More Raven Ridge: 2800H, 2600H and Vega 11

The 28-2600Hs have higher clocks but the interesting thing is the 2800H is now utilizing the full Vega GPU all 11 CUs.

Seems AMD don’t have a whole lot more to offer on the mobile market.

But what was the point of the R7 2700U?

But yeah, AMD doesn’t have an answer to Intel’s mobile Hex-Core CPUs. Not a proper one anyways, they would just have to plop an R5 1600/2600 or R7 1700/2700.

Lower TDP for slimmer devices. The 2700U is a 15-25W chip. The new ones are 35W chips. Higher clocks and more performance as well as letting them unlock all CUs.

Yeah and then you have awful power consumption and battery life as well as a laptop the size of a brick.

Even Intel’s 6 Core chips currently don’t make sense in mobile workstation laptop variants. All of them so far have terrible battery life or when they did have good battery life (Apple Macbook) they overheat and underperform due to cooling compromises.

Also:

* 'Model and specifications not confirmed'

The R5 2500U already fits that category though does it not?

Yeah and then you have awful power consumption and battery life as well as a laptop the size of a brick.

Idk about that but it wouldn’t be a good laptop CPU still. I mean we are talking about 65W CPUs and the TDP of those can still go down even more with some underclocking and/or undervolting but without an iGPU to switch to while not gaming that won’t do battery life any justice…

Macbooks are so ridiculously thin I wouldn’t be surprised if a regular 15W CPU overheated in those things, it’s happened before. It makes perfect sense in a mobile workstation laptop really, just not a very thin laptop unfortunately when you factor in a discrete GPU.

Overall it’s an incremental improvement, Zen -> Zen+ like Ryzen 2.
Includes the new XFR features and better boost clock management etc.

1 Like

No.

They are both 15-25W parts but the 2500 is a lower end SKU. It clocks lower and has less CUs. Less performance than the 2700U. It’s product segmenting.

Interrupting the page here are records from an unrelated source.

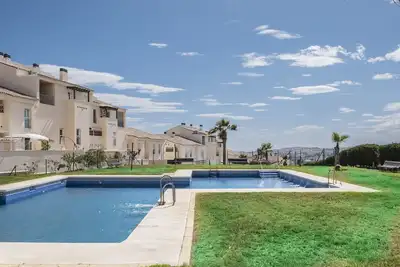 Image de Maison de vacances 'Relaxation, Golf et Plage' avec vue sur la mer, Wi-Fi et climatisation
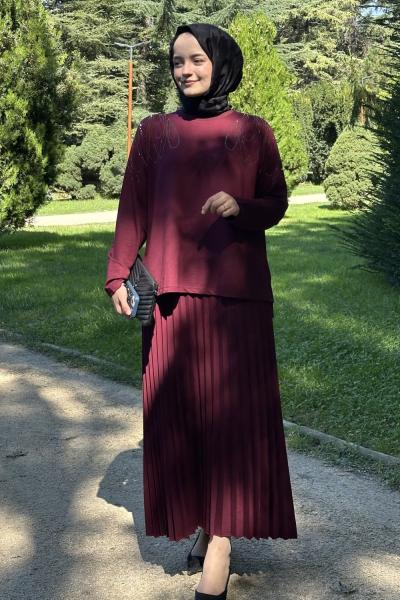 Zerrin Etekli Takım Bordo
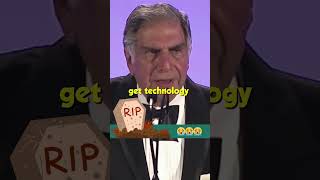 A Motivational Speech by Ratan Tata Sir  RIP Ratan Tata💔😭shorts [upl. by Trace655]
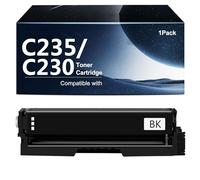 C230 / 235 Remplacement de Cartouche de Toner Compatible pour l'imprimante Xerox C230 / C235, Cartouche de Toner Noire à Haute Capacité (1500/3000 Pages),Black-2500pages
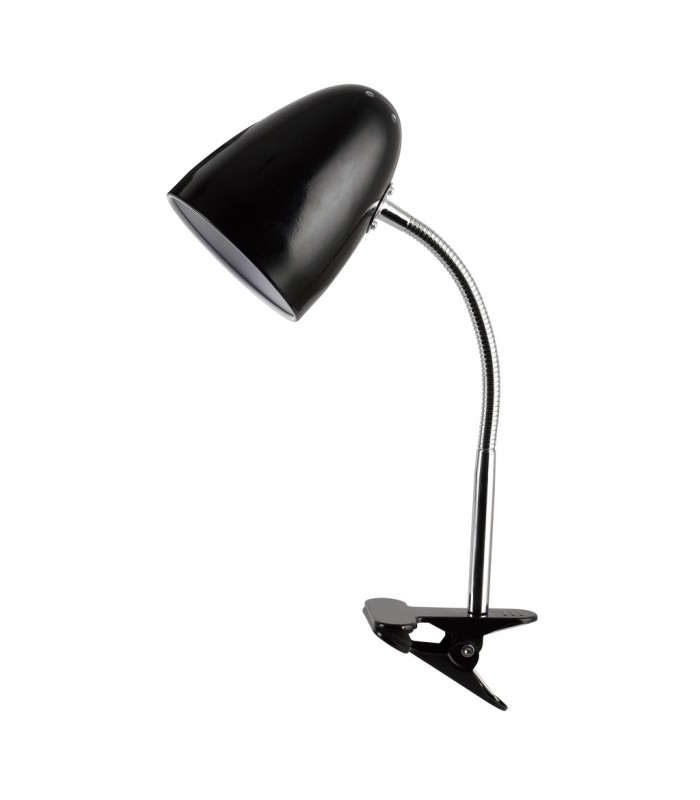 Flexo de escritorio con pinza Gaeta E27 Negro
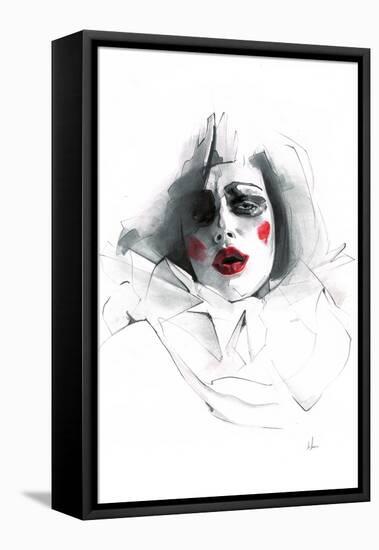 Red Lips-Alexis Marcou-Framed Stretched Canvas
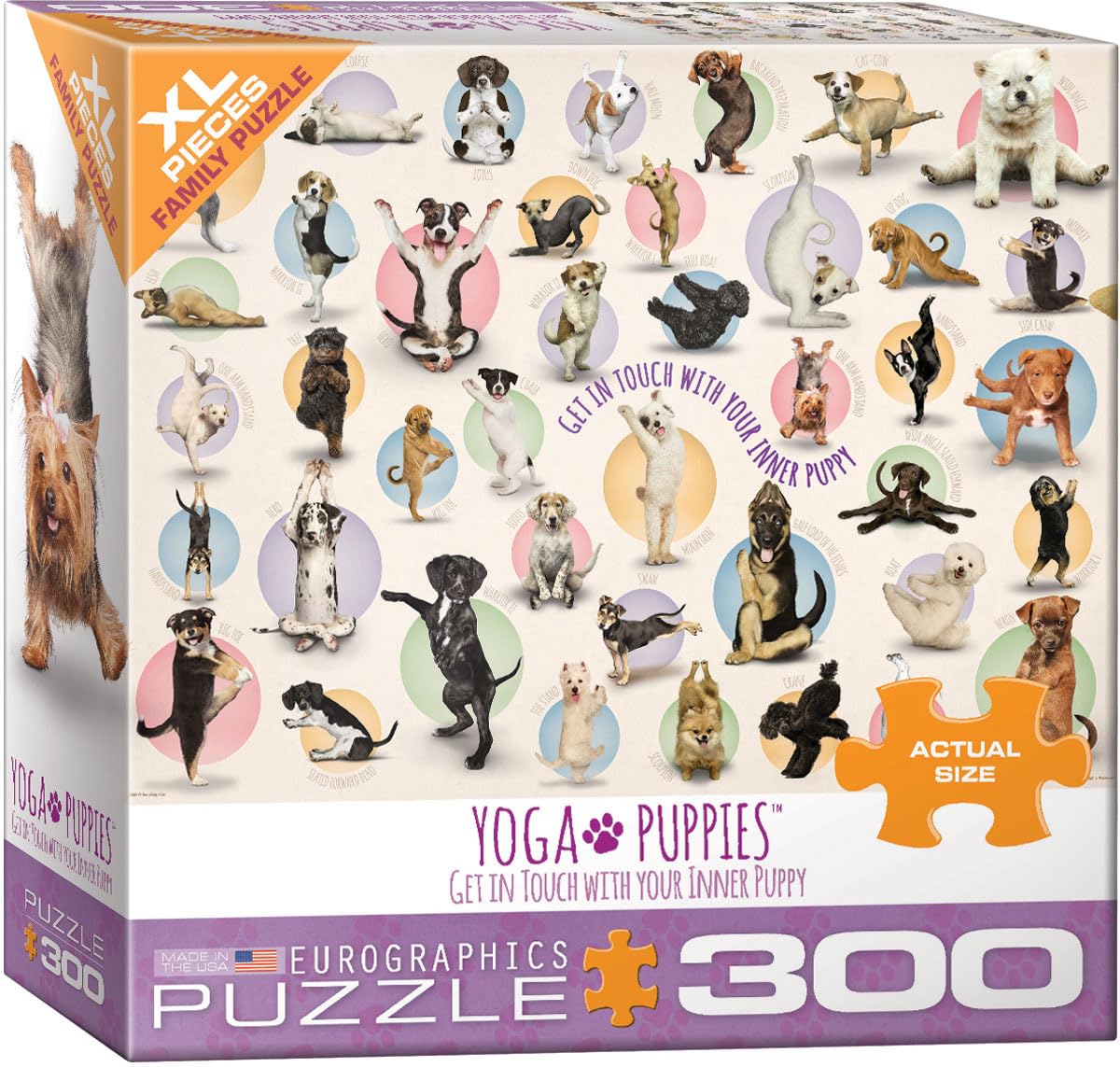 Foto 2 pulgar | Puzzle Eurographics Yoga Puppies 1000 Piezas - Venta Internacional.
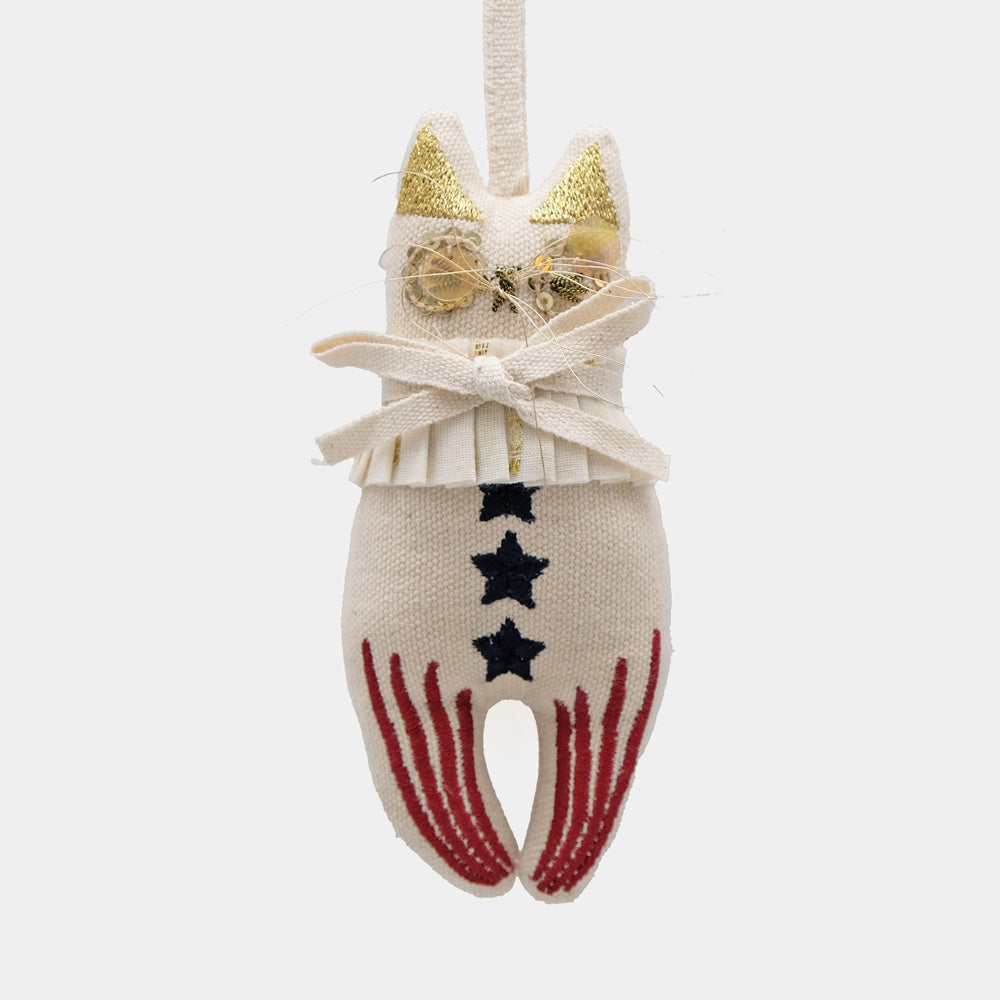 Rocket Cat Hanging Decor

All laptops we have seen with the Desktop Ryzen parts are huge, loud, hot and have batter life often less than an hour and a half…

Also this. Not helped by the fact they always part them with RX GPUs rather than nVidia ones

Also likely this. The APUs had many of the latency tweaks but still were 14nm. So these are likely 12nm so you get a better volt/frequency curve

Benchmarks seem to suggest that they have similar performance, especailly at 15W TDP where the R7 2700U is seen doing as bad as an R5 2500U at the same 15W TDP.

That just creates confusion. You basically can have a 25W R5 2500U (aka, the “lower SKU”) beat a 15W R5 2700U handily, and how is someone not critically informed about laptops going to see this?

As for the desktop Ryzen, there ain’t any arguing that at stock clocks they are going to be BAD for battery life and not good for thermals and the existing laptops are clunky and big, none is arguing that. But we are talking about 3+GHz CPUs with 6-8 Cores in a laptop right now. Intel’s proper mobile 6-Core CPUs run at like 2.2-2.3 GHz. So it’s not impossible for AMD to downclock the 8 Core and 6 Core CPUs for slightly smaller laptops to like 2.4 GHz or something like that and get a much lower TDP like Raven Ridge does. The R5 2400G is 65W, didn’t stop AMD from going all the way to 15W with a lot of down clocking, not that they should get it all the way to 15W.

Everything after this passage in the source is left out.